Market Hilights

March 9, 2008 6:43AM

Final Thoughts on the Fat Cat CEO Pay Hearing

By Elizabeth MacDonald

Some final thoughts on the hearing last Friday on the rich compensation given to Angelo Mozilo, founder and chief executive of Countrywide Financial (CFC), E. Stanley O’Neal, former CEO of Merrill Lynch (ML), and Charles Prince, former CEO of Citigroup (C).

There were dozens of questions I wanted asked, which I’ve noted below.

We have reported this story on Money for Breakfast, and I also covered the hearing with Fox Business’s crack team of Cheryl Casone, Tom Sullivan, Dagen McDowell and Ray Hennessey.

These bank executives are under fire for getting rich pay at a time when the government is now struggling with a housing and credit crisis these three helped engineer. Banks have written off $180bn in assets in the housing slump, while thousands of jobs have been lost and home foreclosures soar to record highs. Moody’s estimates 3.5mn people will lose their homes to foreclosure during this crisis.
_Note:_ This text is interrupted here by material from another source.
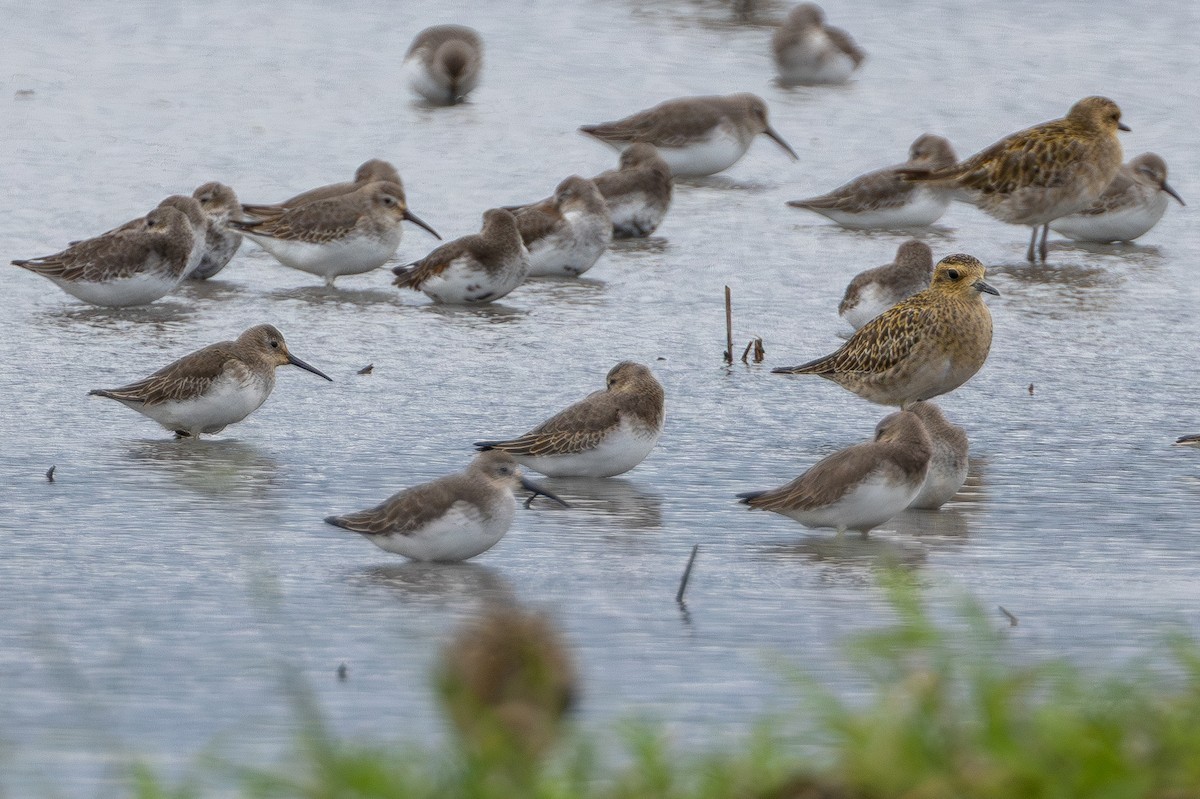 חופית אלפינית - ML646899752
During the five-year period from January 2002 through December 2006, the stock of Countrywide, Merrill Lynch, and Citigroup appreciated, and the three CEOs collectively received more than $460mn in compensation. Mozilo in particular got $250mn in compensation plus made $414mn in stock sales.

However, the executives received rich payouts largely based on profits that didn’t exist. Their companies booked $20bn in writedowns for the final two quarters of 2007. The three banks to date have reported more than $45bn in writedowns from the crisis. Stocks in their companies have plunged to record lows, and investors have lost tens of billions of dollars.

And as I’ve already reported to you, the Federal Bureau of Investigation and the Department of Justice are probing 14 companies, including mortgage brokers, investment banks and mortgage lenders, as part of a wide-ranging investigation of potentially fraudulent business practices. It’s an unusually wide-ranging probe, as the bureau is reviewing possible accounting fraud, insider trading or other violations in connection with loans made to borrowers with weak, or subprime, credit.

At the same time, the Securities and Exchange Commission has been conducting about three dozen civil investigations into the origination and valuation of securitizations of subprime loans.

Justice and the FBI is looking at whether officials at Countrywide, the nation’s largest mortgage lender, misrepresented its financial condition and the soundness of its loans in security filings, The Wall Street Journal reports. However, a Countrywide spokeswoman has said the bank is not aware of any investigation.

Here’s what I would have asked Mozilo, O’Neal and Prince:

Do you think it is right that you got paid for “performance” when your companies were booking massive losses?

Due to the record writedowns and losses your companies are reporting, the compensation you received was essentially based on phantom profits. Given how your companies are struggling, do you think you should give some of that pay back?

Your rags to riches tales–O’Neal says he was descended from slaves, Mozilo from immigrants, and Prince, the first in his family to go to college–sound like a compelling, made in America story.

But wouldn’t you agree that plenty of Americans have risen above difficult backgrounds, and none were paid millions of dollars to leave the smoking wreck of their companies behind after they have driven them into a ditch?

Was this instead an emotional tug at the heartstrings, a head fake to mask your rich payouts given at a time when you left behind companies that are suffering like never before?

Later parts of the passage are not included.